[Work order] What you give back should be exactly the lines from the one with "Androgyny Palette" through the end of the data, without the pictures.

[Excerpted data]
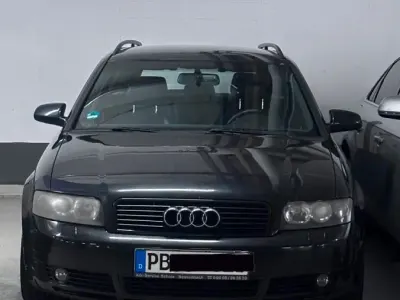 Gebraucht Audi A4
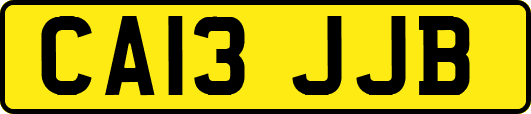 CA13JJB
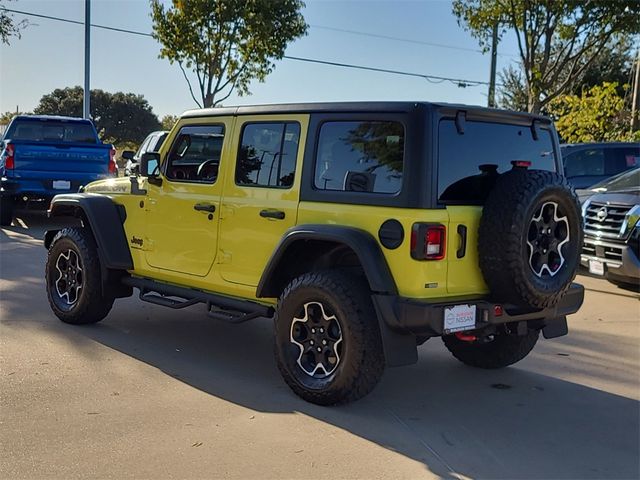 2023 Jeep Wrangler Rubicon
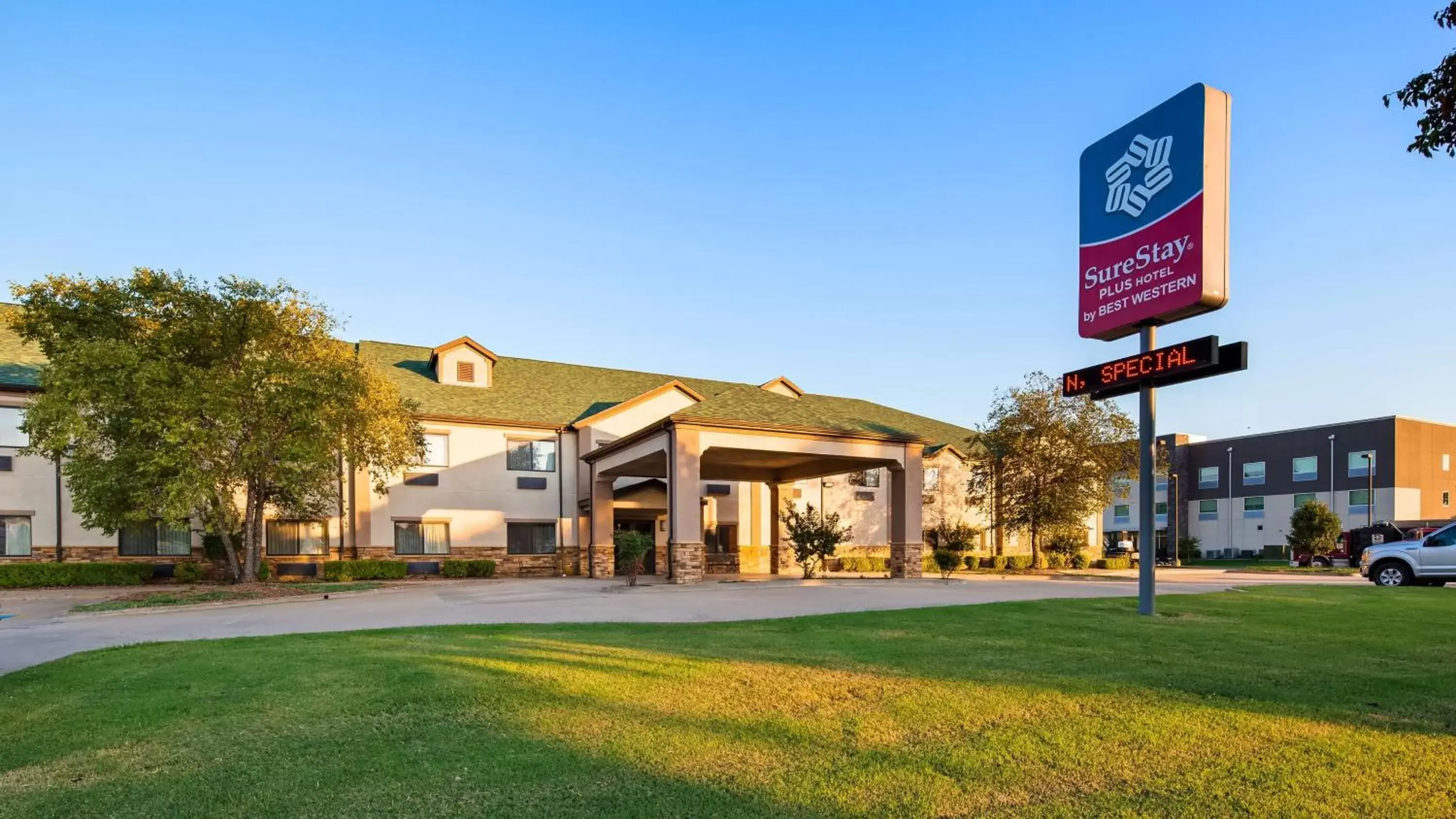 SureStay Plus Hotel by Best Western Coffeyville SureStay Plus Hotel by Best Western Coffeyville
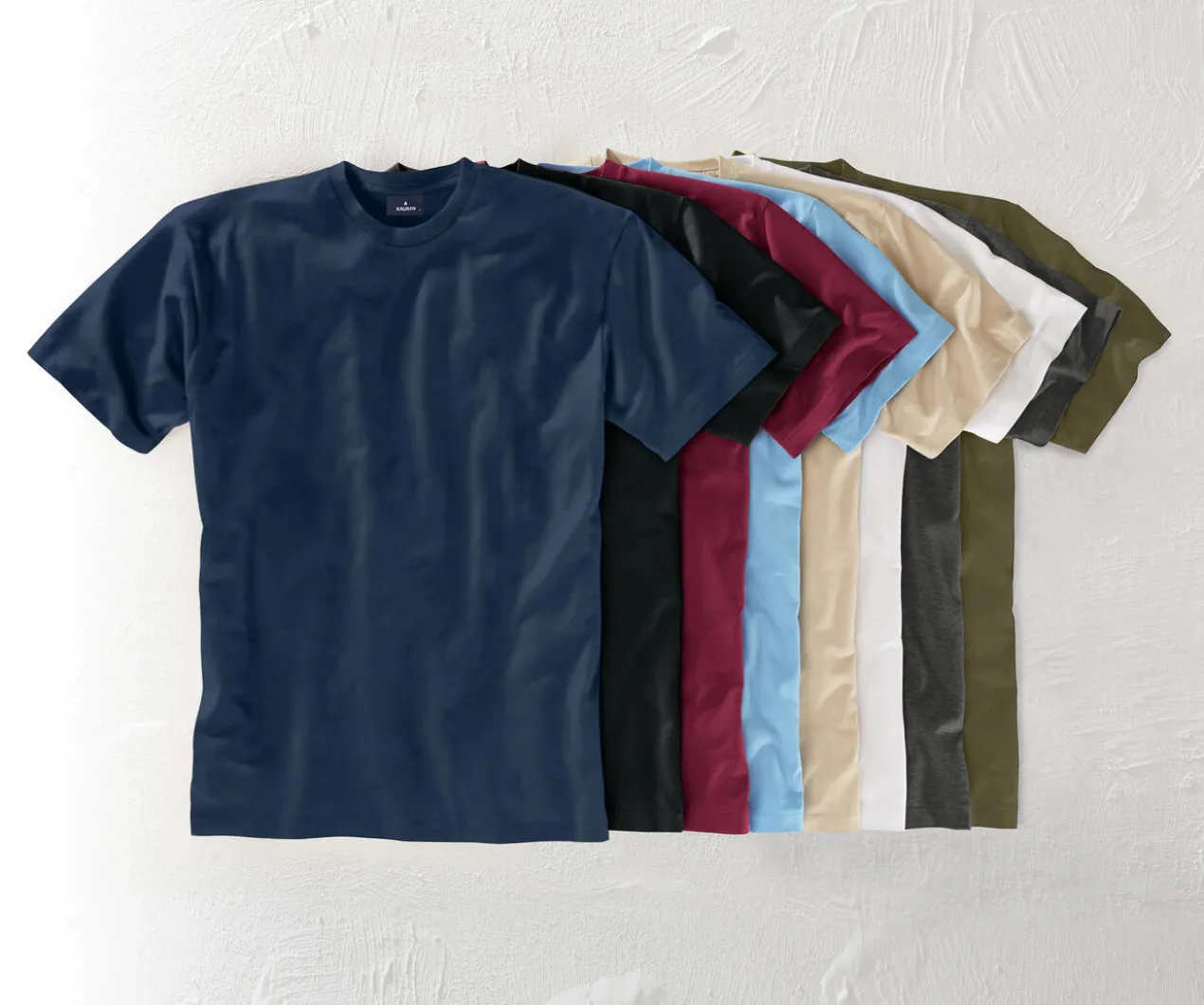 Das 155 g-Ragman T-Shirt
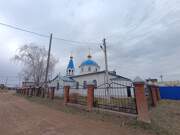 Новый. Покрова Пресвятой Богородицы, церковь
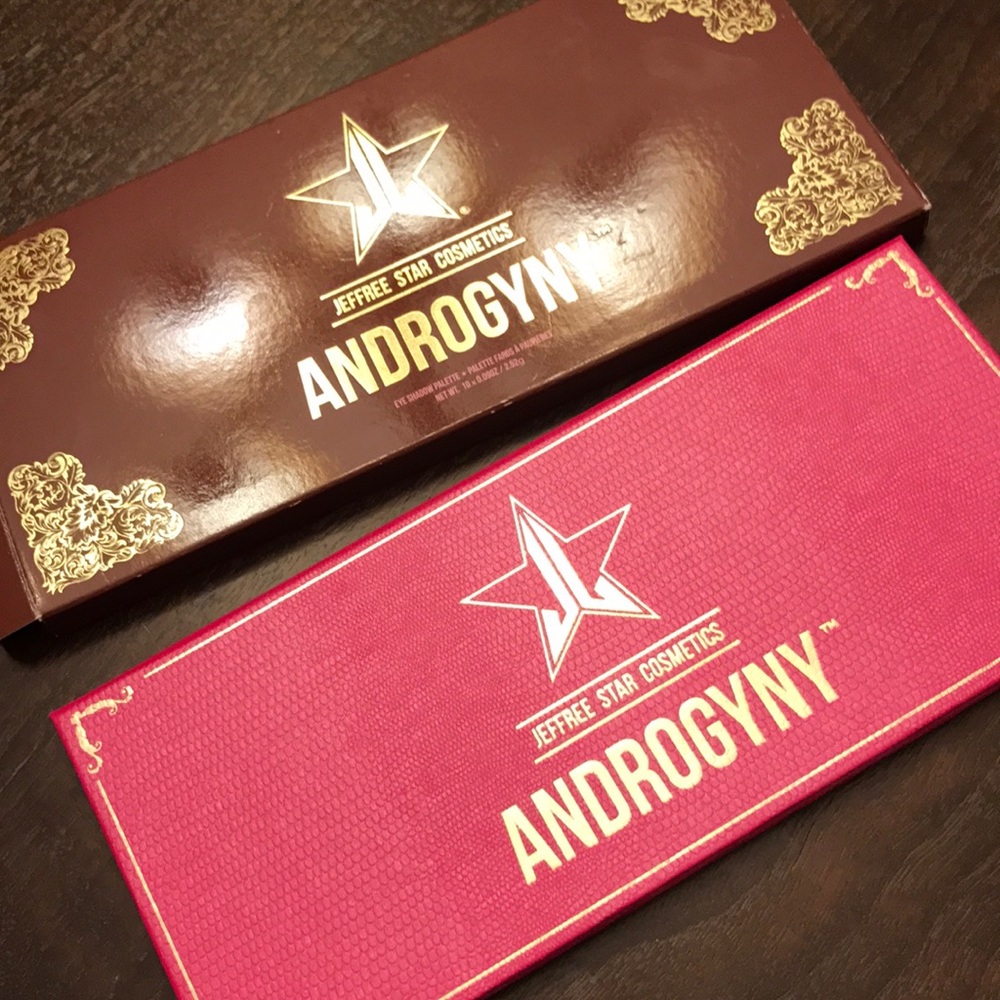 Androgyny Palette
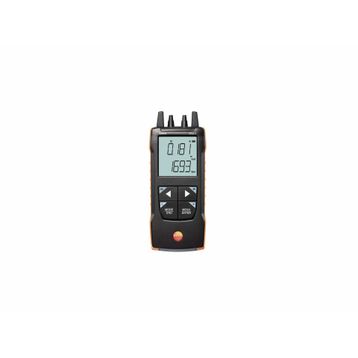 Testo 512-1 Uygulama Bağlantılı Dijital Fark Basınç Ölçer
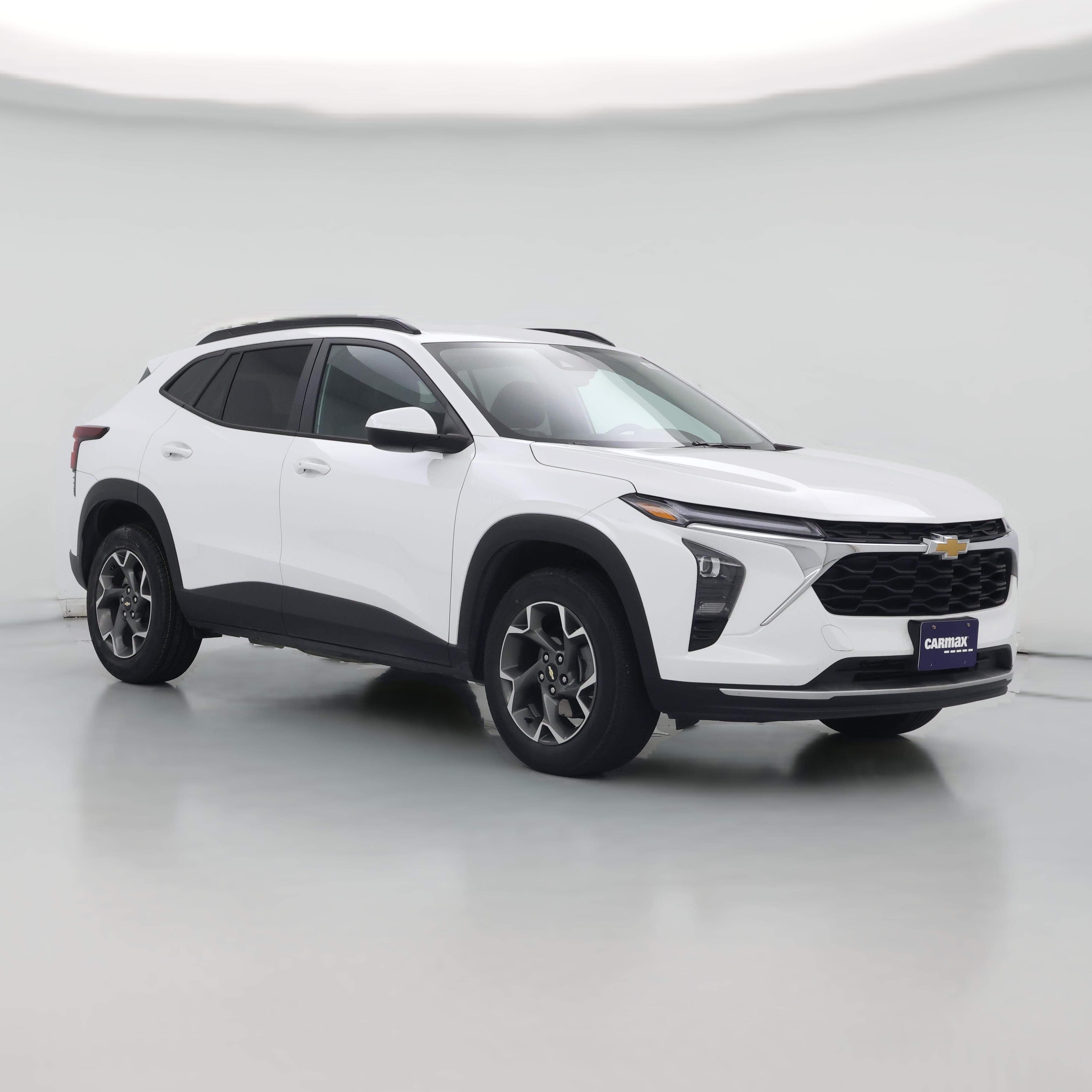 Thumbnail: 2025 Chevrolet Trax - 1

[Response to this task]
 Androgyny Palette
 Testo 512-1 Uygulama Bağlantılı Dijital Fark Basınç Ölçer
 Thumbnail: 2025 Chevrolet Trax - 1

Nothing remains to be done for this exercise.